» YOUR TASK
Below are the entries. Print only the lines starting at the one with "Homemade chocolate chip" and ending at the one with "Men's Casual Denim", exactly, with no pictures.
==== SUPPLIED RECORDS
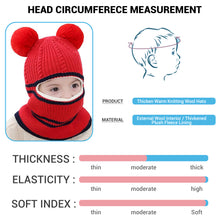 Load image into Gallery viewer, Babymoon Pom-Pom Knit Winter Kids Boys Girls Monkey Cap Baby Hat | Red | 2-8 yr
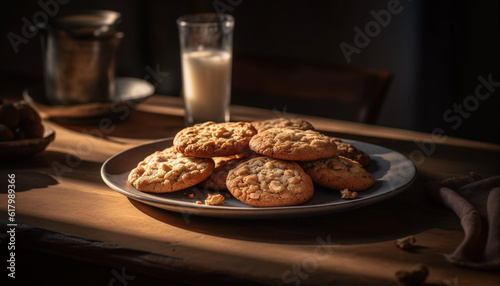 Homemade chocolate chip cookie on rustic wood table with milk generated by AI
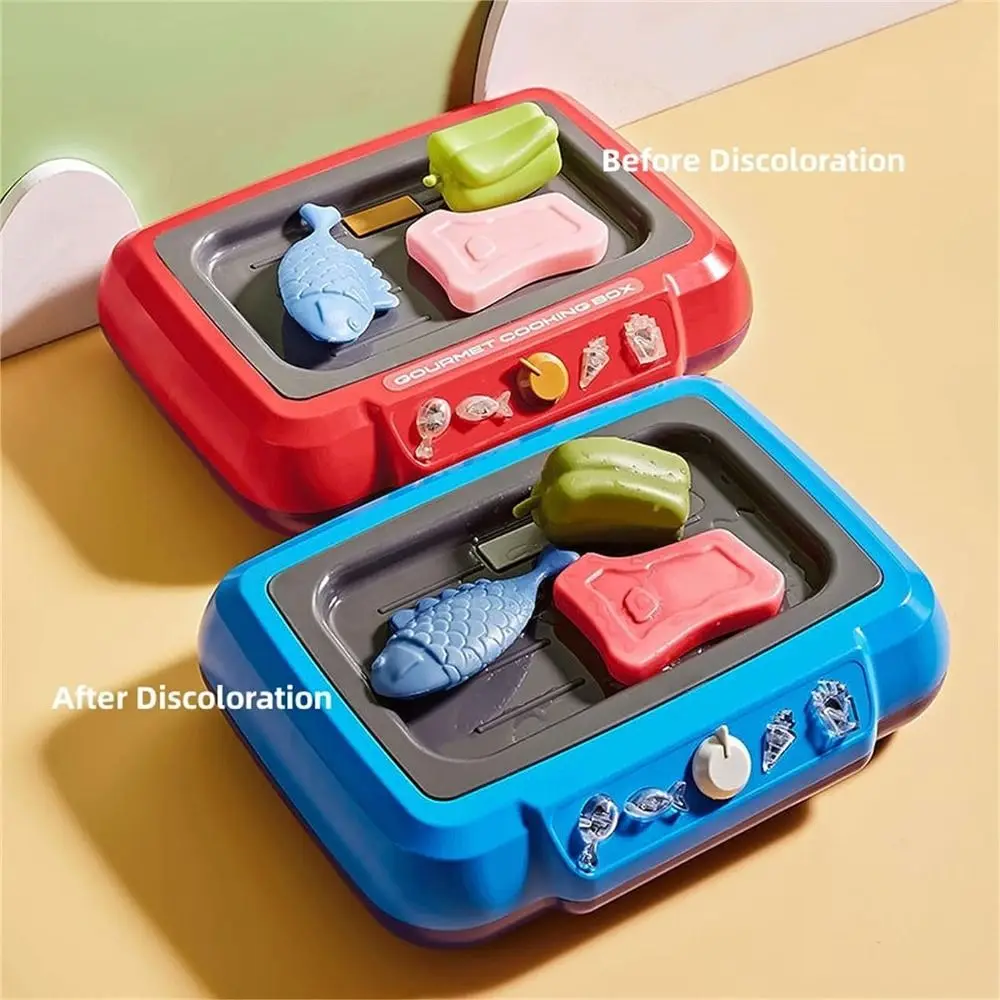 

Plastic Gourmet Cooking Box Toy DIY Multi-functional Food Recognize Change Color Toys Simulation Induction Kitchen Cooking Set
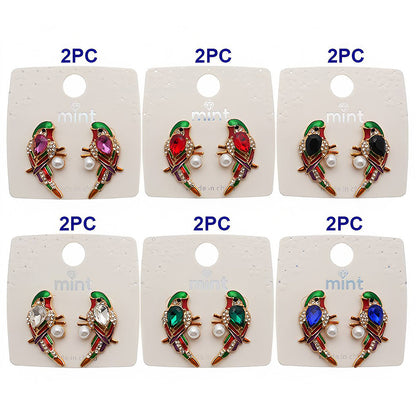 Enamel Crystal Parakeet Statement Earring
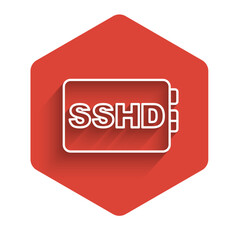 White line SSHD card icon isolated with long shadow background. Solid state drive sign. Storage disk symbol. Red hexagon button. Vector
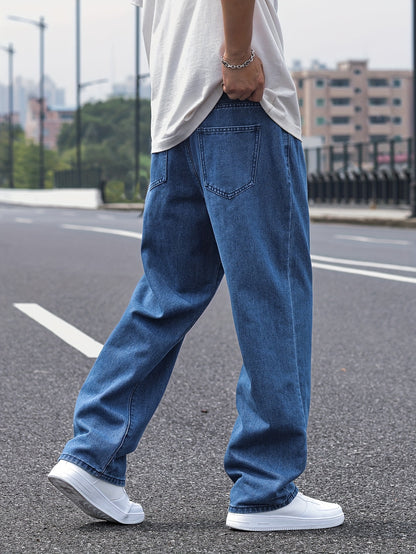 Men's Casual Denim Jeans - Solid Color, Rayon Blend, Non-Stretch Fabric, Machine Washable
========
==== SUPPLIED RECORDS
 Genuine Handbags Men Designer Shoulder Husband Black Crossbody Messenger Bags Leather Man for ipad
========
==== SUPPLIED RECORDS
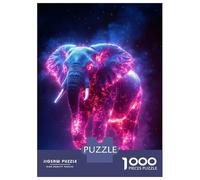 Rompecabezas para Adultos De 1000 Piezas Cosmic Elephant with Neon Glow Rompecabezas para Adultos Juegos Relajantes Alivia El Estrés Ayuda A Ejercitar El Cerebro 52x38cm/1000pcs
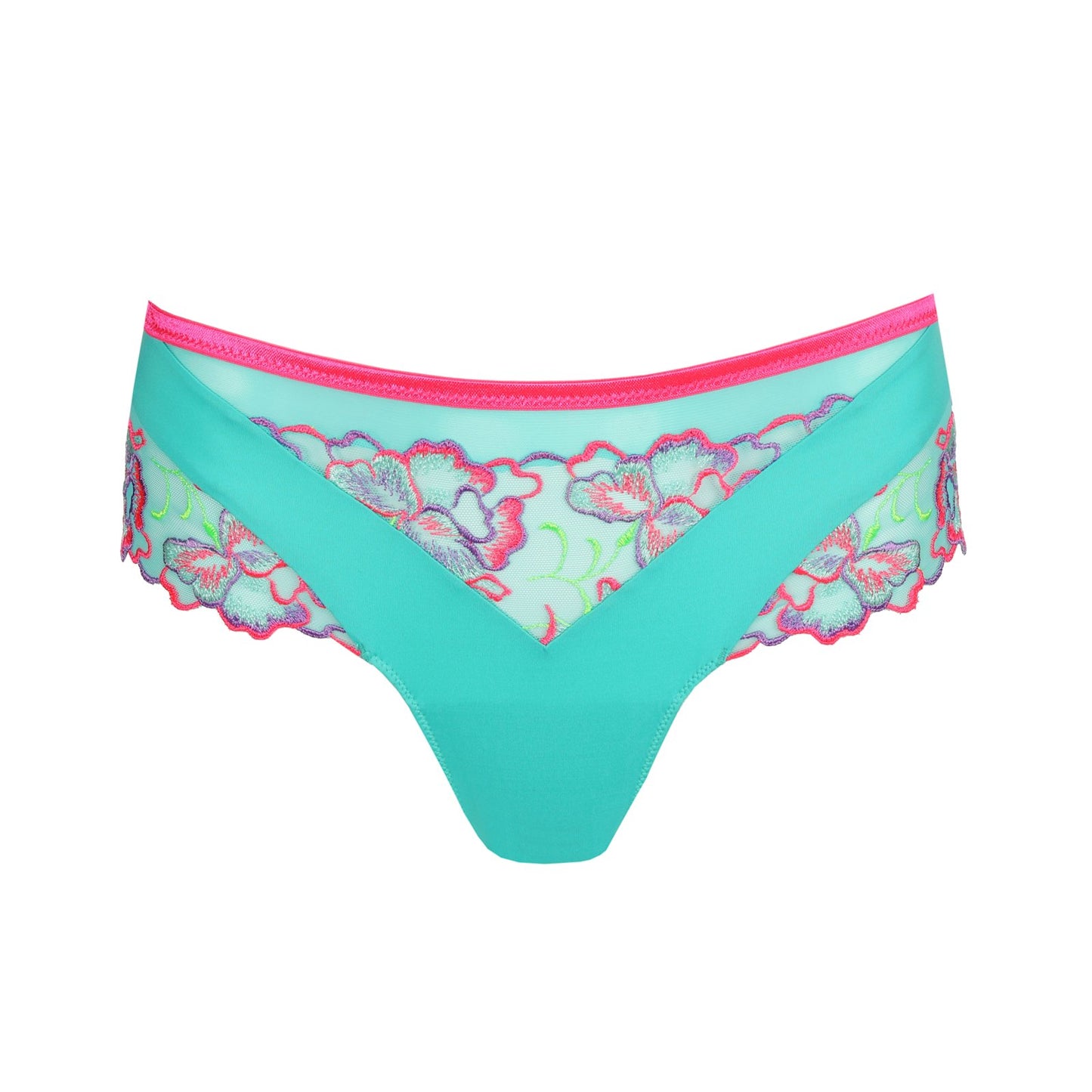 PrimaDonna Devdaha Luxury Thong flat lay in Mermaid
========
» RESPONSE TO THE TASK
 Homemade chocolate chip cookie on rustic wood table with milk generated by AI

Plastic Gourmet Cooking Box Toy DIY Multi-functional Food Recognize Change Color Toys Simulation Induction Kitchen Cooking Set
 Enamel Crystal Parakeet Statement Earring
 White line SSHD card icon isolated with long shadow background. Solid state drive sign. Storage disk symbol. Red hexagon button. Vector
 Men's Casual Denim Jeans - Solid Color, Rayon Blend, Non-Stretch Fabric, Machine Washable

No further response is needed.